Men run the world. And the world is currently jank. Coincidence? No. It’s not. Maybe if men stopped oppressing us and actually started listening to us, we’d actually start fixing stuff. Or maybe we should just take men out of the picture altogether. They’ve had their time in power and they’ve messed it up! Maybe we should just seize control and see how THEY like being the minority when it comes to power. It’s time for our turn at the wheel. We can make better decisions.
I mean, who are the famous women people have heard of? You have Rosa Parks, a symbol of human rights, Mother Teresa, who was freaking awesome, and Susan B Anthony, who fought for women’s rights in the face of male oppression. And what famous men are there? Hitler? Stalin? REAGAN? Even our precious founding fathers were at fault! They say “all men are created equal” while they own hundreds of slaves. I mean come ON.
It makes you think. Why are men in charge? Why do men think that we are inherently weak? What gives them the right to ignore us? Why is this man-run world so unfair? It’s because men are evil. Men are irresponsible, hypocritical and not to be trusted. If we want something done right, we’ve got to do it ourselves. Women need to rise up. To unite against men. To obtain the powers we’ve been denied! We. Need. Feminism.
We Need Feminism by Clover
Each new week I spend working at camp, I meet a new group of girls with a new set of issues. A girl may come in on Sunday who is timid and quiet and afraid to voice her opinions, and by Friday she has no fear in speaking her mind and making herself heard. As a counselor, I get to watch my girls grow over the course of a single week. Over the course of their week together, these total strangers become friends and develop a level of trust unseen outside of the camp’s gates. These girls from completely different backgrounds and cultures manage to unite and accomplish amazing things.

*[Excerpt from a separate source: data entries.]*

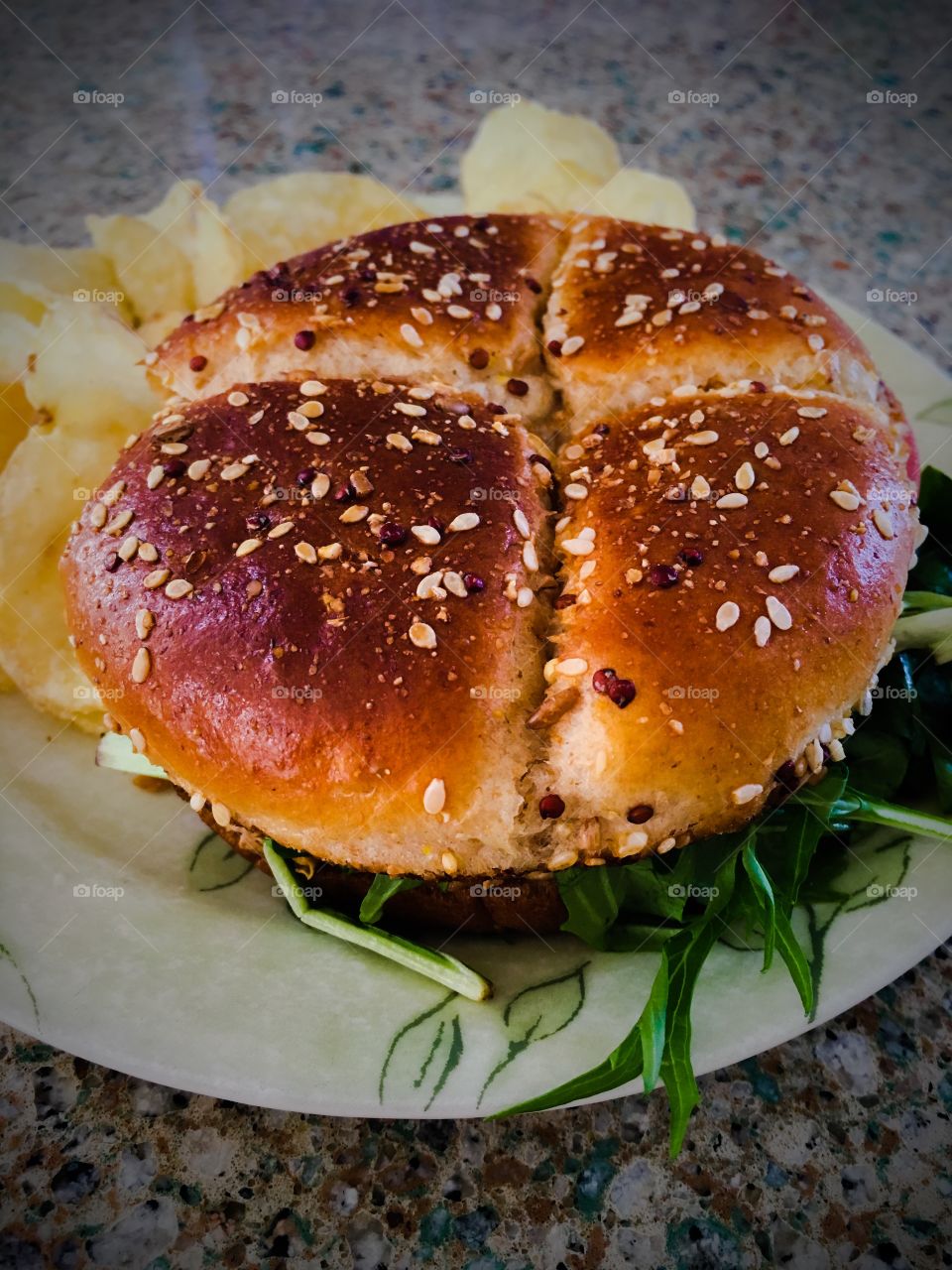 Grilled chicken sandwich with sesame seed  bun and potato chips on a plate 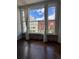 Charming views through large windows showcase the historic brick building, hardwood floors, and bright light at 720 16Th St # 306, Denver, CO 80202
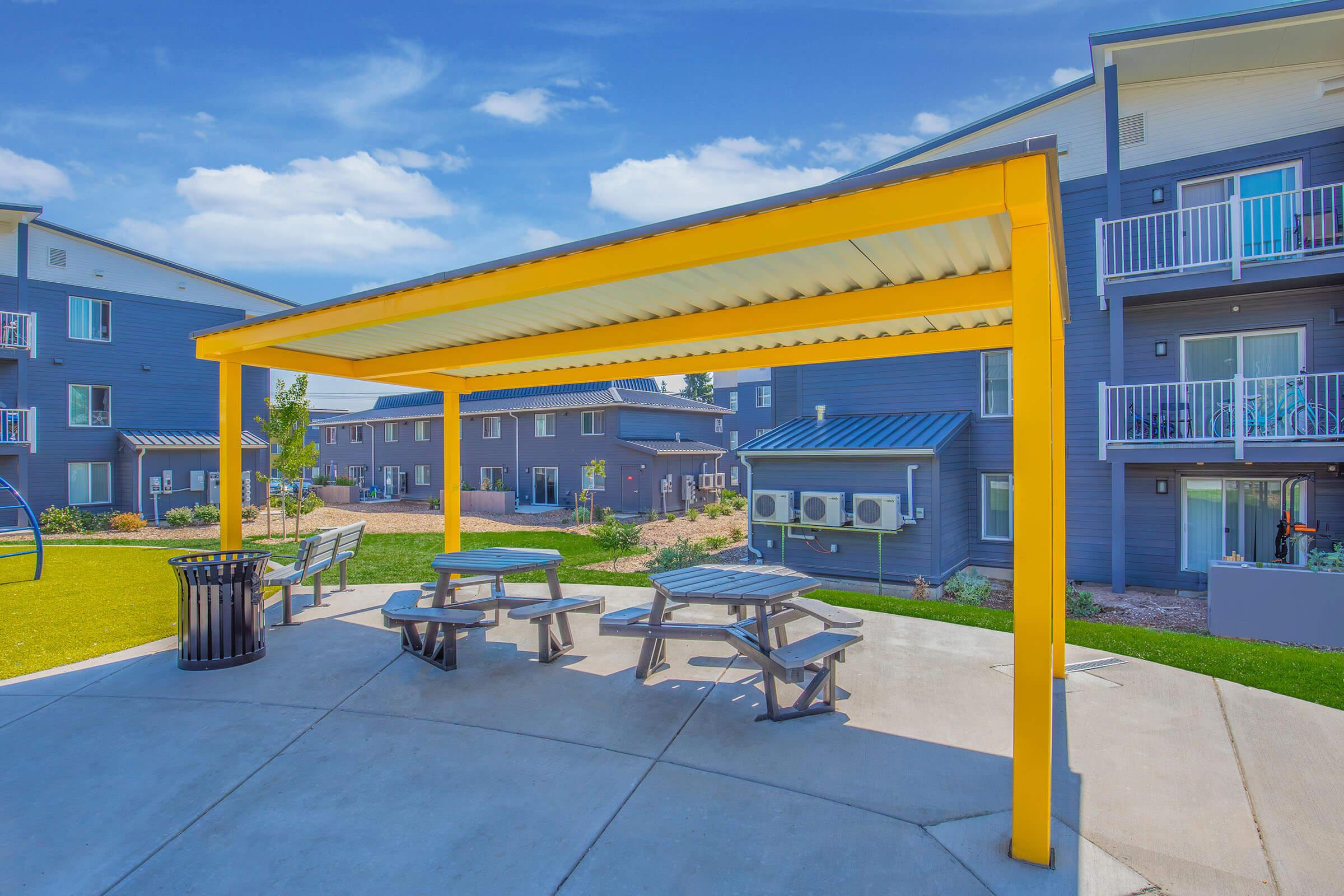 A vibrant yellow pergola providing shade over picnic tables in a landscaped area. Surrounding the space are modern apartment buildings with balconies and air conditioning units. The sky is clear with a few clouds, creating a bright and inviting atmosphere.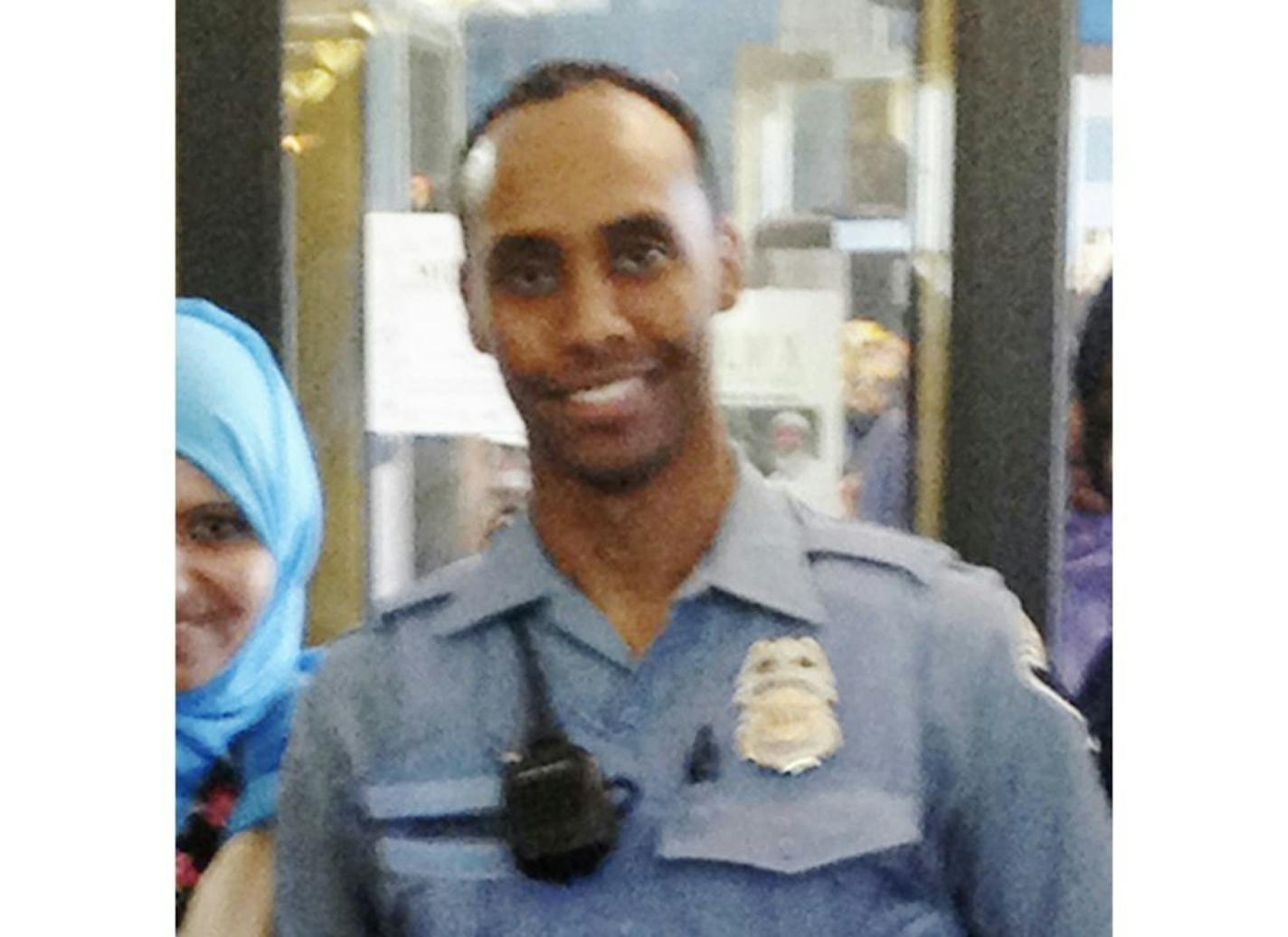 In this May 2016 image provided by the City of Minneapolis, police officer Mohamed Noor poses for a photo at a community event welcoming him to the Minneapolis police force. Noor, a Somali-American, has been identified by his attorney as the officer who fatally shot Justine Damond, of Australia, late Saturday, July 15, 2017, after she called 911 to report what she believed to be an active sexual assault.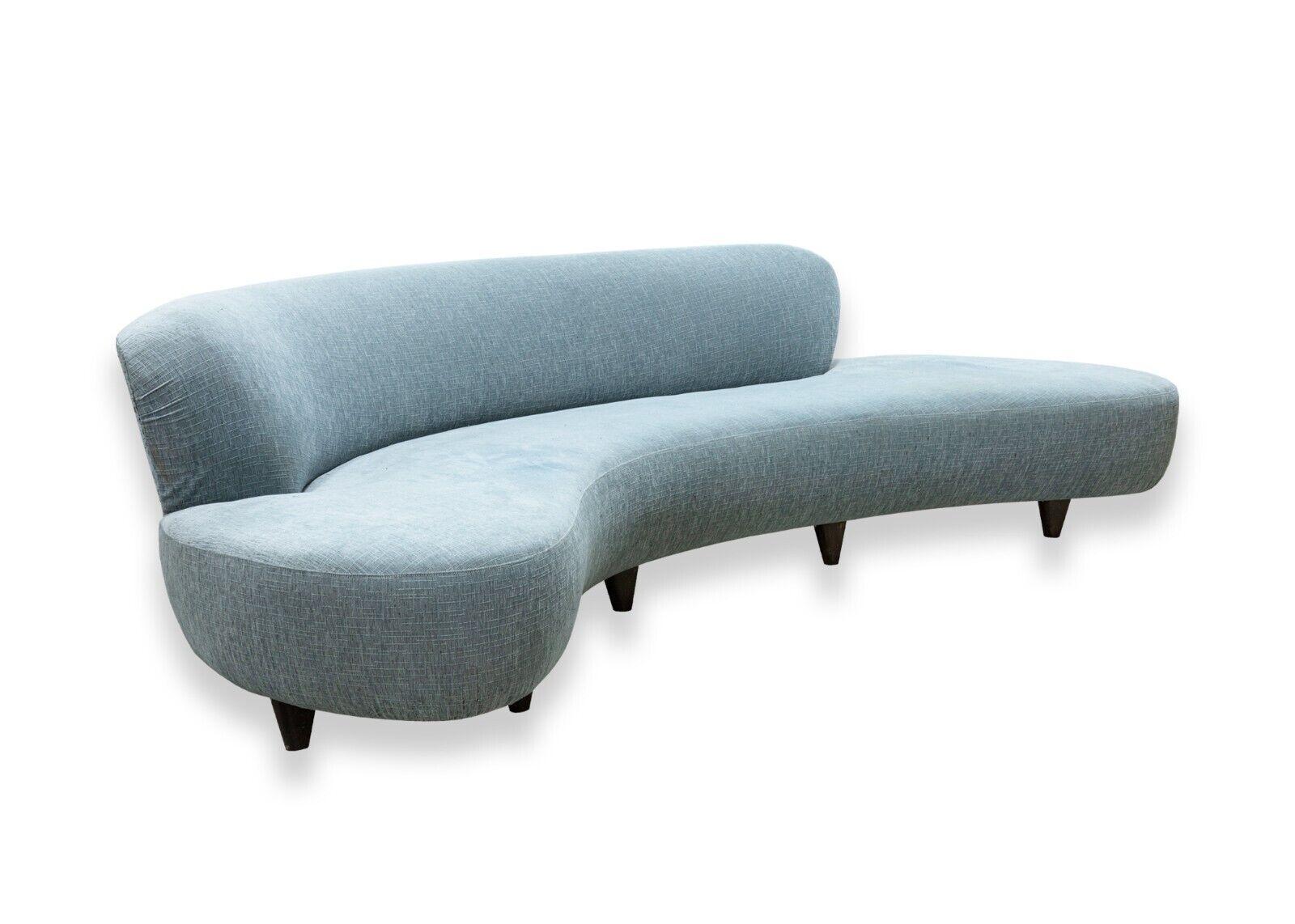 A contemporary modern Modernica style baby blue colored cloud sofa with walnut legs. This sofa features a gorgeous baby blue upholstery fabric with crosshatched line details up close. Supporting this artfully crafted sofa are 8 rounded walnut wood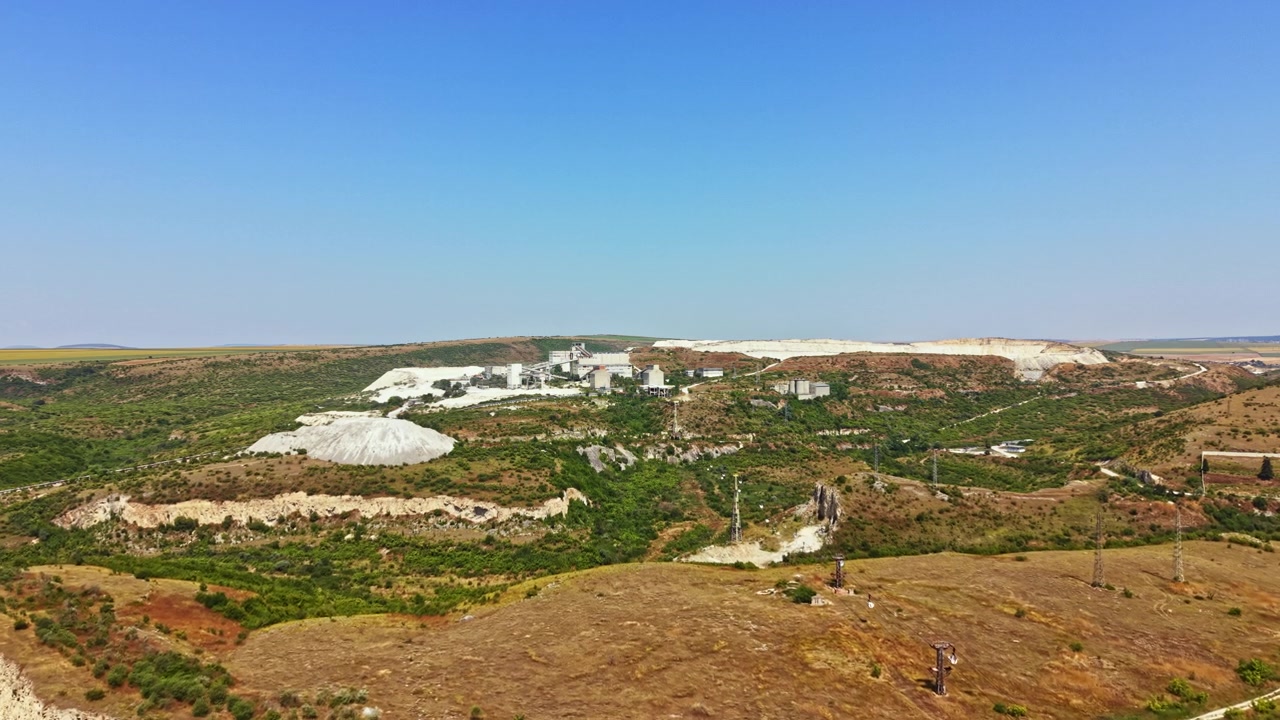 Large industrial site in a rural area with trees and hills under a clear blue sky
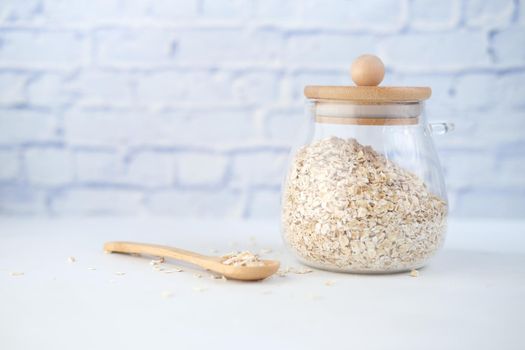 oats flakes in a jar with spoon on table .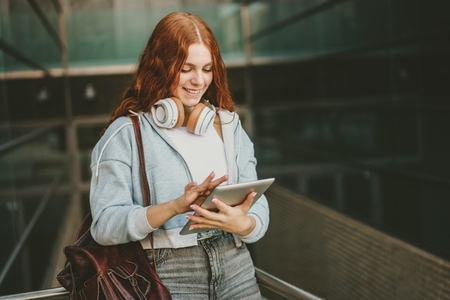 A Young Woman Relishing Music and Engaging with Technology in a Lively Urban Environment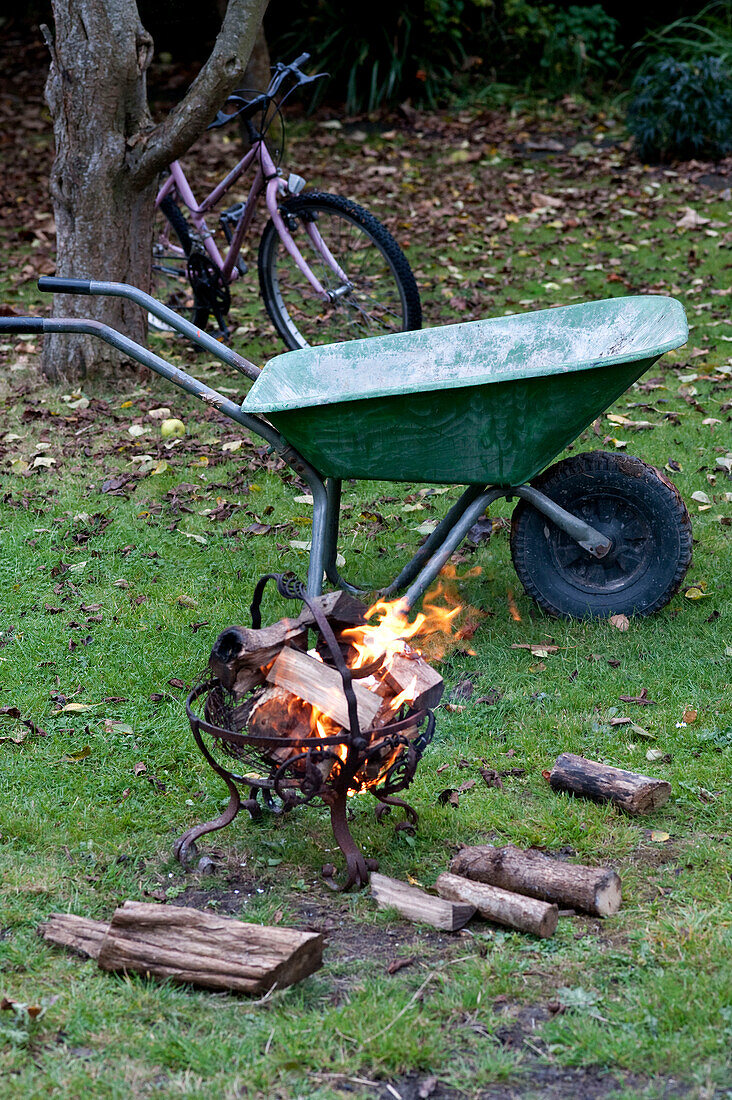 Schubkarre und Fahrrad mit brennenden Holzscheiten in einem schmiedeeisernen Gartenofen, Yeovil, Somerset, England, UK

They aren’t concerned with who looks the prettiest or who has the most expensive clothes. At camp, these girls are able to just be themselves. They all accept each other and learn to work with each girl’s strengths and weaknesses. These young women and girls learn to empower each other and, in turn, to empower themselves. Away from the pressures of society, they learn that they are important and what they have to say matters. They bloom into whoever they want to be; it’s a beautiful thing to witness.
At the end of the week, as we wave goodbye to the last of our campers, we think. Why can’t all girls have this opportunity? Why can’t all children, teens, adults, people feel that their opinions matter?
When I return home at the end of the summer, I find myself surrounded once again by a culture that degrades women and makes young girls think that they don’t matter. I return to school and hear girls slinging insults at each other because so-and-so got with so-and-so’s boyfriend. In the halls, I catch bits of degrading jokes and statements. And it makes me think.
Why can’t we all be as empowered as the girls I took on for the summer? We need to look to them to learn self-respect and confidence. We need to not allow ourselves to be walked all over, whether it’s by a guy or another girl. We need to find our strength. We need feminism.